As soon as St Paddy’s Day appears on our calendars, plans begin to be made for a day of Guinness, green cocktails, Lucky Charms, and of course, the most important part: corned beef and cabbage. Every year, we turn to this salty, hearty, comforting meal to help rescue ourselves from all that alcohol, and every year it’s declared the tastiest, most satisfying dish, which we then proceed to forget about until St Patrick’s Day rolls around again the following year.
Although corned beef and cabbage is considered to be the ultimate Irish dish by many Americans, it’s not actually what they’ll be eating in Dublin on St Paddy’s Day. In Ireland, beef used to be an expensive luxury, and definitely not readily available for the masses to dine on daily, so their staple was salted bacon, served with cabbage and root vegetables. Pork was much cheaper than beef — corned beef was a prized possession in eighteenth-century Dublin — so this was the comforting meal they enjoyed, and which was eaten religiously on St Patrick’s Day every year.
It was only when the first Irish immigrants began making their way to the USA in the nineteenth century that corned beef became associated with Irish cuisine. Ironically, in America, the Irish encountered the opposite situation to the one they had experienced at home: Here pork was prohibitively expensive, but beef was relatively cheap. Cabbage was still one of the most affordable vegetables on this side of the Atlantic, so that part of the dish stuck, despite the change in the type of meat.

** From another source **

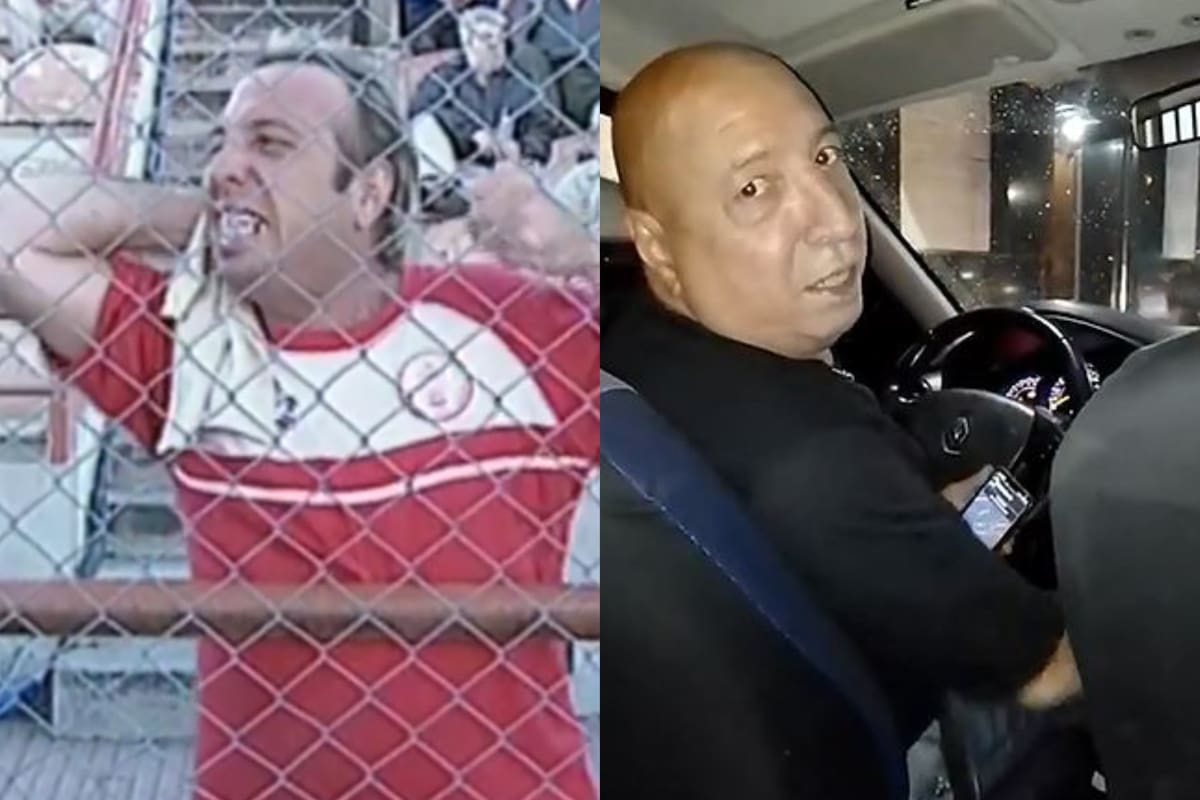 Un usuario en las redes sociales viajó en Uber con una "leyenda" del fútbol argentino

Many sources claim that it was the proximity of Irish and Jewish communities in America that led to corned beef finding its way into Irish cuisine, but it could also have been because corned beef is a very close replica of the bacon they were used to eating at home. In fact, thanks to the pink curing salt used to make corned beef, it even looks fairly similar. It came to be such an Irish staple that New York bars would often serve a free dinner of corned beef and cabbage to the Irish workers who would come in after work, have a few drinks, and dine on their new version of traditional Irish fare.
Corned beef and cabbage — also known as the ‘New England boiled dinner’ — is not the ultimate Irish way to celebrate St Patricks’ Day, but rather the ultimate Irish-American way. And that’s how we’ll be celebrating, either in our American homes where we’ll be following this recipe for classic corned beef and cabbage, or drinking, dancing, and dining in our favorite Irish-American pubs.